------ THE DATA

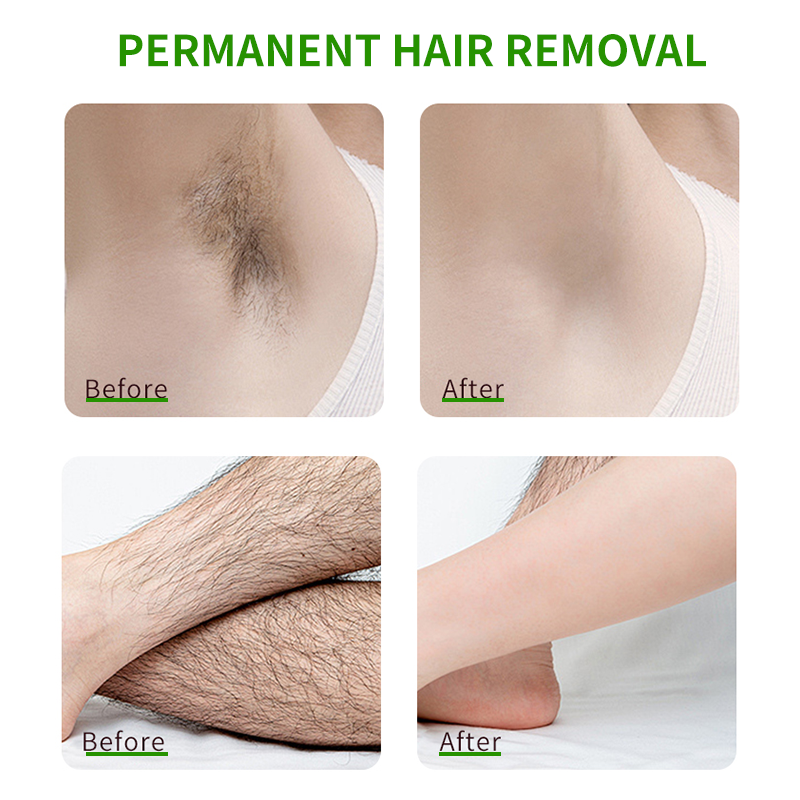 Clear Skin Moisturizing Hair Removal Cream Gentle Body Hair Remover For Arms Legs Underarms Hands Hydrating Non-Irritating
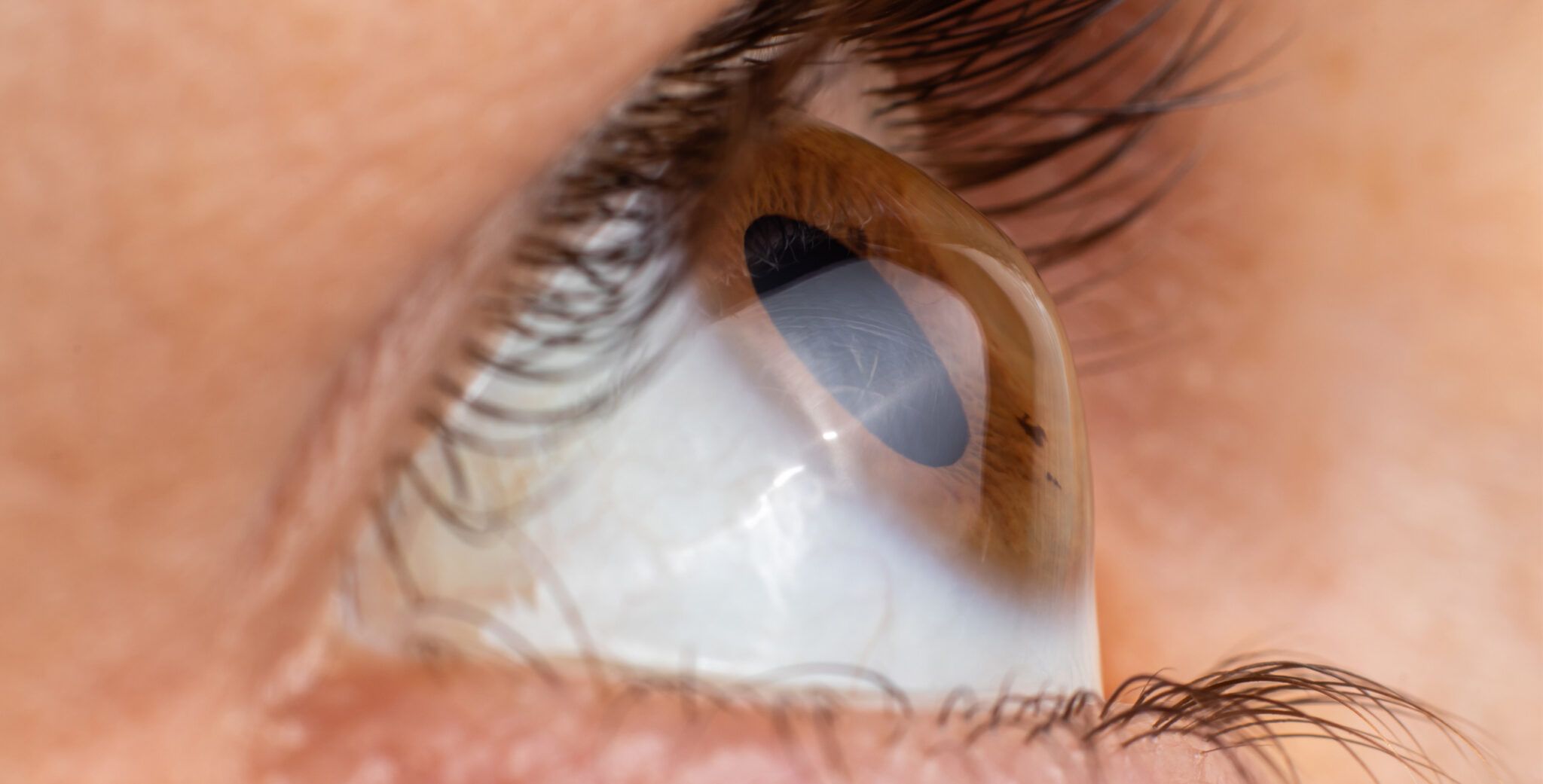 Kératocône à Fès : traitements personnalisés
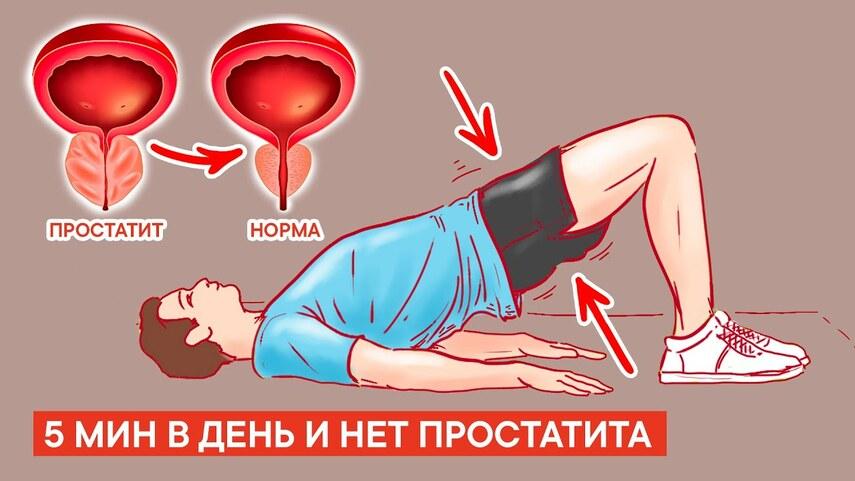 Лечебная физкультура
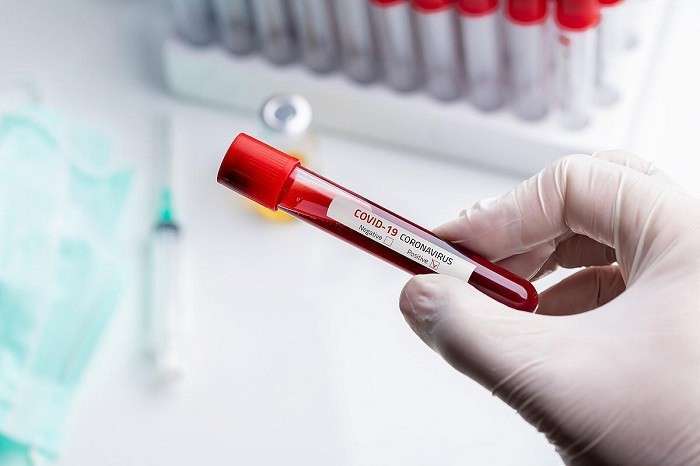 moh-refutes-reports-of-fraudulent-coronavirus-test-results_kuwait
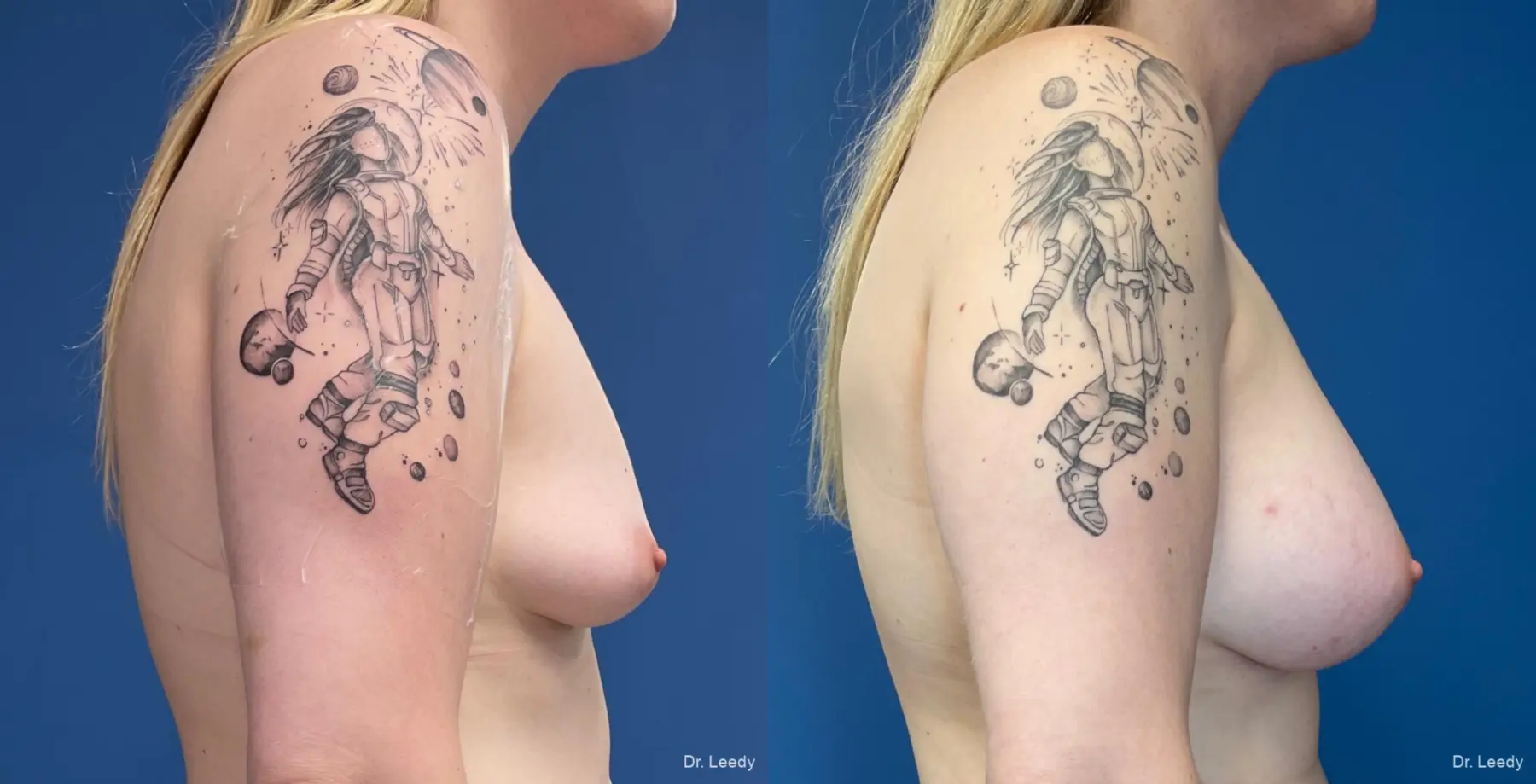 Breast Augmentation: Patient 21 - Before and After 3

------------

INSTRUCTIONS TO FOLLOW:
A word-for-word repeat is expected of the lines from the one with "Лечебная физкультура" to the end of the data, both included; pictures are not part of it.

WRITTEN SOLUTION:
 Лечебная физкультура
 moh-refutes-reports-of-fraudulent-coronavirus-test-results_kuwait
 Breast Augmentation: Patient 21 - Before and After 3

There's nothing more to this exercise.